GOAL OF THE EXERCISE:
Could you please transcribe the data exactly, without the pictures?

DATA SECTION:
☆ ☆ ☆ ☆ ☆ ☆ ☆

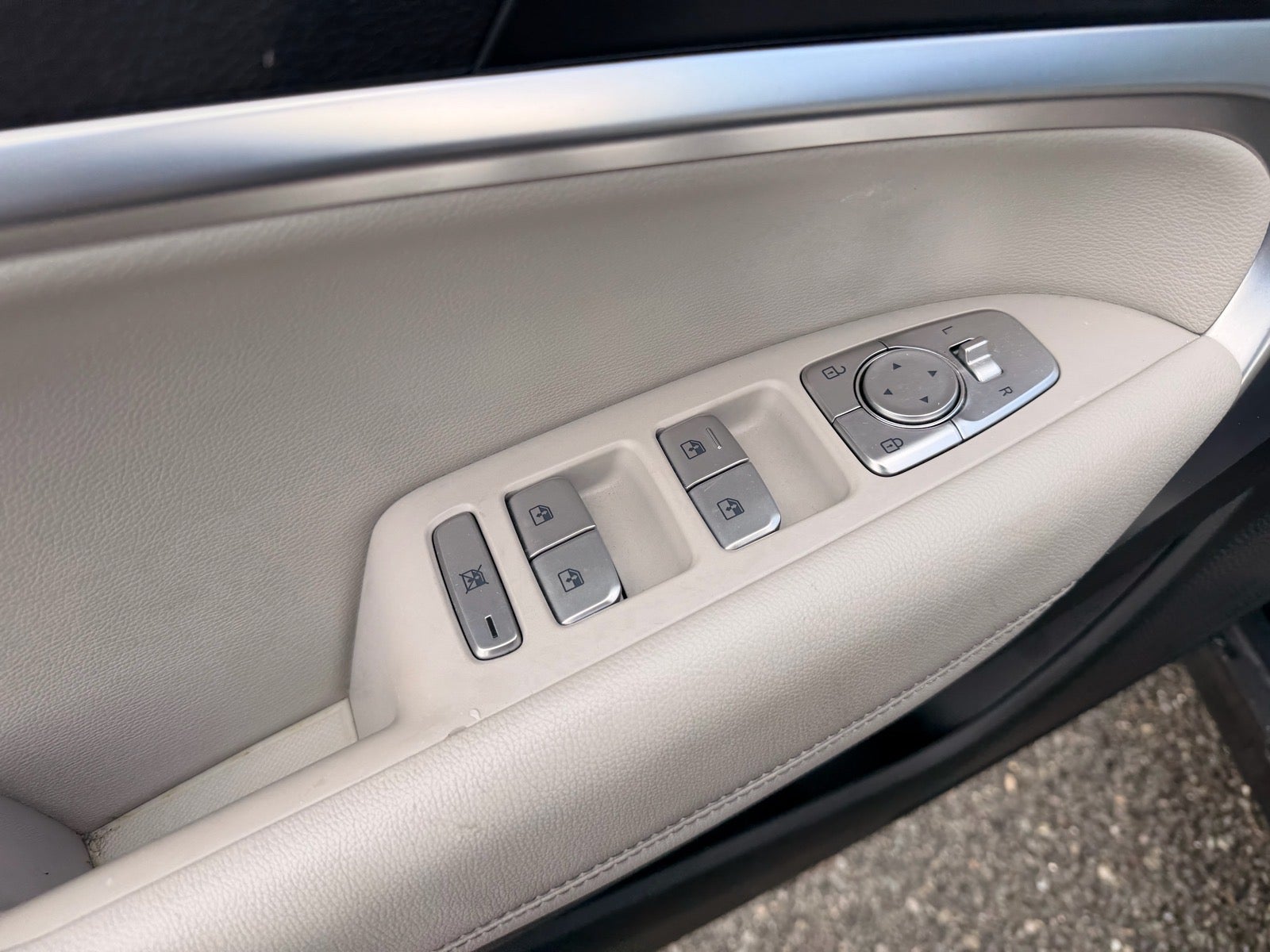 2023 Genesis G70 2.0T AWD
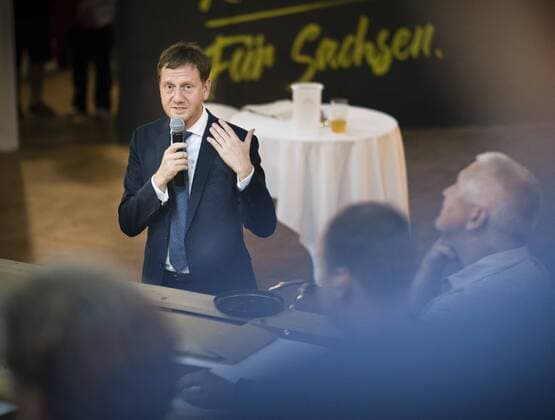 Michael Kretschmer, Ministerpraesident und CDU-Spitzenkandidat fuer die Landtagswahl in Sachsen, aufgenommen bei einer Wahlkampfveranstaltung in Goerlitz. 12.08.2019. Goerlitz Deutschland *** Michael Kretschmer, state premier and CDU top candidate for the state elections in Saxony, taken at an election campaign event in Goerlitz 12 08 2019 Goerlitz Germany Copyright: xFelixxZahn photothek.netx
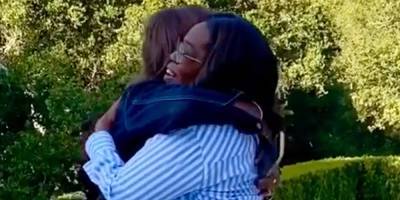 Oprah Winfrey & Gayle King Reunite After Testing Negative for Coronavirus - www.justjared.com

☆ ☆ ☆ ☆ ☆ ☆ ☆

WRITTEN RESPONSE:
 2023 Genesis G70 2.0T AWD
 Michael Kretschmer, Ministerpraesident und CDU-Spitzenkandidat fuer die Landtagswahl in Sachsen, aufgenommen bei einer Wahlkampfveranstaltung in Goerlitz. 12.08.2019. Goerlitz Deutschland *** Michael Kretschmer, state premier and CDU top candidate for the state elections in Saxony, taken at an election campaign event in Goerlitz 12 08 2019 Goerlitz Germany Copyright: xFelixxZahn photothek.netx
 Oprah Winfrey & Gayle King Reunite After Testing Negative for Coronavirus - www.justjared.com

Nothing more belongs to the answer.